Right alongside those folks for the past two weeks have been the UN "experts" and agencies whose well-being - their stature and internal authority, re-appointment, promotion, pension, operational funding and institutional perks of all kinds - depend on being on the Arab side of all Arab-Israeli conflicts. These people include the Secretary-General, the High Commissioner for Human Rights, the Under-Secretary-General for Humanitarian Affairs and UN Emergency Relief Coordinator; the UN Office of the Humanitarian Coordinator (OCHA); the UN Special Representative of the Secretary-General for Children and Armed Conflict; the Chairperson of the Coordination Committee of Special Procedures; the Executive Director, UN Population Fund (UNFPA); and the Director-General, UNESCO.

Together all of these UN actors have mounted a feverish chorus alleging that Israel has committed "wanton aggression," "monstrosities," "massacres," and "crimes against humanity." In each case humanized Palestinian victims are placed on one side of the scale, and a small number of Israeli deaths are set on the other. Evidently, the UN only started counting Israeli bodies last week. Left out of this phony "proportionality test" is the terror associated with every Hamas-driven attempt to cause more death and destruction. And it is politically incorrect in the extreme to mention that the blameless Palestinians freely elected a terrorist group sworn to killing Jews.

In short, Hamas has perfected a form of human sacrifice in the 21st century.

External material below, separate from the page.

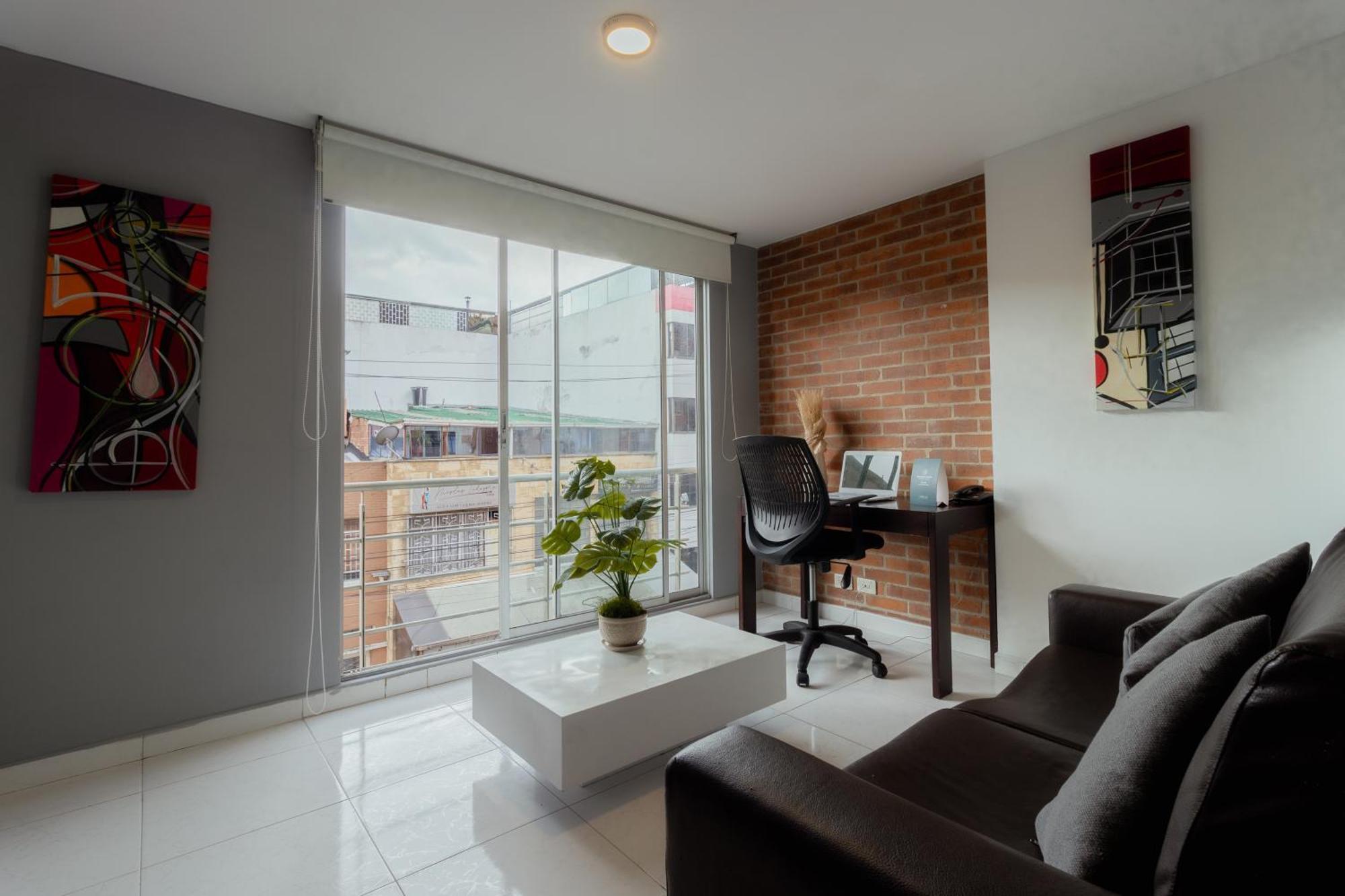 Hemma Bogota Chapinero Premium Suites Hotel Экстерьер фото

It launches rockets from schools, uses ambulances as transport, hides behind women and children, and wears civilian clothing as camouflage. Palestinian civilian casualties are the Palestinian leadership's weapon of choice. The only body still allegedly oblivious to this grotesque calculation is the UN. Asked about Hamas' use of civilians as human shields, UNRWA chief, AbuZayd responded: "I don't know of these human shields being used... What I would say is that Hamas very much leave us alone; let me say, they respect us."

The UN cacophony is not what Secretary of State Condoleezza Rice had envisaged for her swan song. She hoped to exit with a Security Council resolution that she rammed through on December 16th, against Israel's wishes, praising her stillborn Annapolis initiative and bringing UN tentacles ever closer to their Israeli target by involving the Security Council more closely in the Israeli-Palestinian conflict.

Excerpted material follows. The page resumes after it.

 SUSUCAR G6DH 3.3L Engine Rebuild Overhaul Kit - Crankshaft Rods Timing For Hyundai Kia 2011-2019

Which brings us to today's situation. Every anti-Israel idea out there has one major goal - whether it is propagated by France, Europe, Russia, Egypt, or the UN. They all want in on the Arab-Israeli conflict. Solutions subject to negotiations between the parties? Israeli control over its own borders? Not if any of these players can help it.

The drafts of UN presidential statements and resolutions now being floated include one key element. Wrest control from Israel and diminish Israeli sovereignty. The drafts insert international players via calls to "provide protection for civilian populations" or "establish and deploy an international observer force." Any such insertion of international actors will have only one result: to diminish the ability of Israel now and in the future to protect its citizens.

Israeli leaders must reject any formula that smacks of such a degradation of their inherent right to control their own destiny. And as for the United States, if President Bush is looking for an honorable swan song, it's now or never. This is the moment to tell your Secretary of State, after her years of a vain-glorious search for approval from the international community, that Israel is not for sale.